SQLite is a self-contained database engine that keeps an entire database, its tables, indexes, schema and data, inside a single ordinary file on disk. There is no server to run and no connection to configure, which is why SQLite is embedded in phones, browsers, desktop apps and countless tools. When an application says it stores data in a .db or .sqlite file, that one file is the whole database.

What the extensions mean

The file extension is only a convention; SQLite itself does not care what a database is called. You will most often see .sqlite, .sqlite3, .db and .db3, and all of them are typically the same format. The real marker of a SQLite file is a fixed header string at the very start of the file, which is how a viewer can confirm it opened a genuine database rather than an unrelated file.

Reading a schema safely

Before querying data it helps to understand the structure.

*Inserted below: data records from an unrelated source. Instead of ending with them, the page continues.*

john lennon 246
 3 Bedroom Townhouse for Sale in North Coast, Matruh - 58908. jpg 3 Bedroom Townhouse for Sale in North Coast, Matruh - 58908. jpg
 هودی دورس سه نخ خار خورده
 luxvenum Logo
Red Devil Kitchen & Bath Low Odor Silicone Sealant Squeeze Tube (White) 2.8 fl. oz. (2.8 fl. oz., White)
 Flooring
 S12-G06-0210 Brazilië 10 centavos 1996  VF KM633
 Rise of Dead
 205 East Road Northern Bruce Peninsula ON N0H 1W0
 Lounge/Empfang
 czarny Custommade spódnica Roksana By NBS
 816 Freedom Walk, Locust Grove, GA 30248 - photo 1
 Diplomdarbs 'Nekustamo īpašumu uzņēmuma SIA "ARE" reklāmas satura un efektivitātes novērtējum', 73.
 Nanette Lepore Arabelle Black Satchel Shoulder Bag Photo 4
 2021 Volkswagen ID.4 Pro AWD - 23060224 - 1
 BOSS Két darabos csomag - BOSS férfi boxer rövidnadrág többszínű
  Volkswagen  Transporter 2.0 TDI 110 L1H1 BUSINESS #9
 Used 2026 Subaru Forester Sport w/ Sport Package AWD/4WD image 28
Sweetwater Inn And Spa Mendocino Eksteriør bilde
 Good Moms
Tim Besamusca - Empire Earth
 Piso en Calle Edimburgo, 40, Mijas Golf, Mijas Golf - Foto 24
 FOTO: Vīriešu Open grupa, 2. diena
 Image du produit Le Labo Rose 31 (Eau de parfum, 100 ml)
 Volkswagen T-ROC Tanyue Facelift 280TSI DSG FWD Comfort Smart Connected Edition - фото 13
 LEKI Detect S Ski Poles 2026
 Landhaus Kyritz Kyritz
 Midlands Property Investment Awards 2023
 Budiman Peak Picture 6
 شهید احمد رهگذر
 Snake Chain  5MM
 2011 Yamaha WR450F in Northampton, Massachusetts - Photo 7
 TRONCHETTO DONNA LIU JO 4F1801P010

Each table has columns with a declared type and flags such as PRIMARY KEY, which uniquely identifies a row, and NOT NULL, which forbids empty values. This viewer surfaces those as PK and NOT NULL badges next to each column. Because the tool is strictly read-only and runs locally, you can inspect an unfamiliar database, including one from a colleague or a downloaded app, without risk of altering it.

When to reach for a full tool

An in-browser viewer is ideal for a quick look: confirming what tables exist, checking a schema, or running a SELECT to find a few rows. Once you need to edit records, add indexes, import data or work with a database too large to hold in memory, a desktop application such as DB Browser for SQLite or the sqlite3 command line client is the better choice. The two workflows complement each other: browse here, edit there.

Frequently asked questions

Can I open a database exported from my phone app?

Yes, if it is a real SQLite file, which most app data stores are. Drop it in and the viewer will list its tables. Because nothing is uploaded, sensitive exports stay on your machine.

Why does the engine take a moment on first use?

The WebAssembly SQLite build has to download the first time you open a database in a session. After that the browser caches it, so subsequent files open without the wait.